Could you print all of the data below again, exactly?

*** INPUT FOR THIS TASK Section Begins ***

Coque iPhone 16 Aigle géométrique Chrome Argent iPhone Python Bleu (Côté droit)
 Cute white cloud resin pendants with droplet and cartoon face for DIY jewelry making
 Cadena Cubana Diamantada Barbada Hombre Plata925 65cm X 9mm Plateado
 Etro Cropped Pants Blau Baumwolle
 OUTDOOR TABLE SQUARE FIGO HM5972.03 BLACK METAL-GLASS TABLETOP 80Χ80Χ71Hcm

*** INPUT FOR THIS TASK Section Ends ***

▶ [EXPECTED ANSWER]:
Coque iPhone 16 Aigle géométrique Chrome Argent iPhone Python Bleu (Côté droit)
 Cute white cloud resin pendants with droplet and cartoon face for DIY jewelry making
 Cadena Cubana Diamantada Barbada Hombre Plata925 65cm X 9mm Plateado
 Etro Cropped Pants Blau Baumwolle
 OUTDOOR TABLE SQUARE FIGO HM5972.03 BLACK METAL-GLASS TABLETOP 80Χ80Χ71Hcm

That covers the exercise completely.